Try it: Pictures are to be left out; otherwise, copy exactly the lines from the line containing "Woman decorates christmas" through the end of the data.

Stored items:

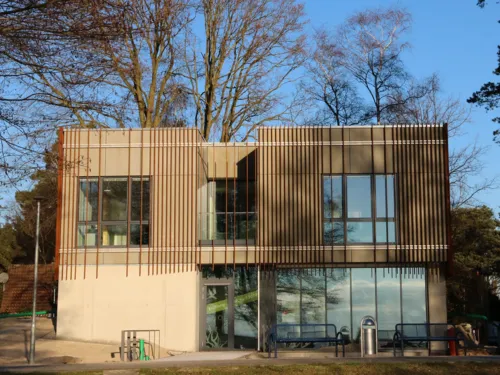 Modernes Gebäude mit flachem Dach und einer Fassade mit Metallstreben.
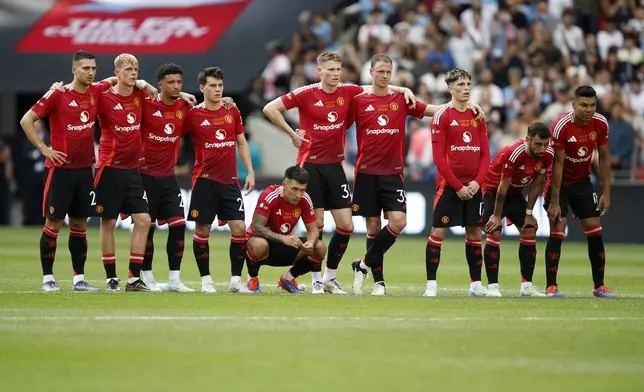 Manchester United players stand together during the penaty shootout during the FA Community Shield soccer match between Manchester City and Manchester United at Wembley Stadium in London, Saturday, Aug. 10, 2024. (AP Photo/David Cliff)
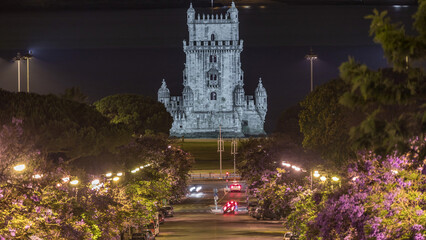 View of Avenida Torre de Belem night timelapse, with cars and the Belem Tower in the background....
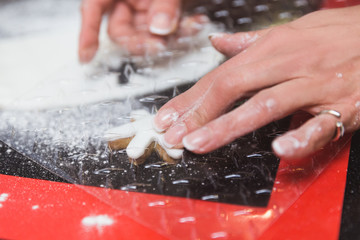 Woman decorates christmas gingerbread cookies with icing sugar glaze snowflake. Christmas gift, homemade gingerbread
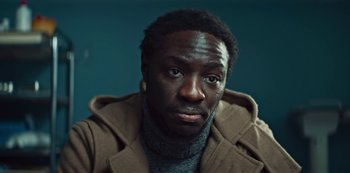 Movie still from “Marianne” (2019), created by Samuel Bodin – A person wearing a jacket; Close Up shot, Low angle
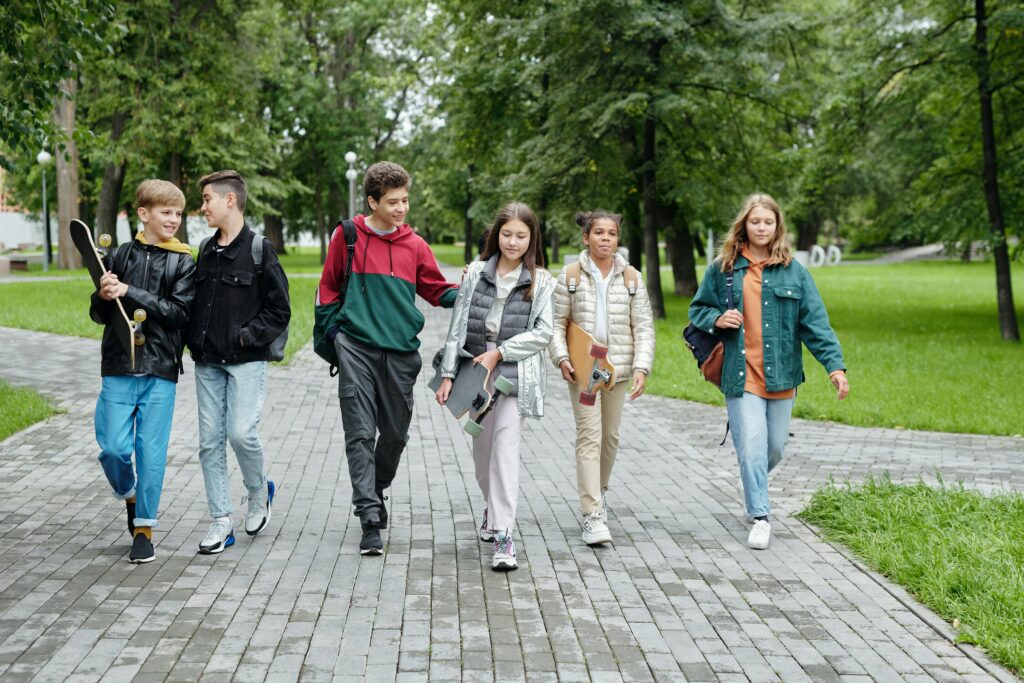 A group of young people participating in a program while walking in a park.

Answer for this exercise:
 Woman decorates christmas gingerbread cookies with icing sugar glaze snowflake. Christmas gift, homemade gingerbread
 Movie still from “Marianne” (2019), created by Samuel Bodin – A person wearing a jacket; Close Up shot, Low angle
 A group of young people participating in a program while walking in a park.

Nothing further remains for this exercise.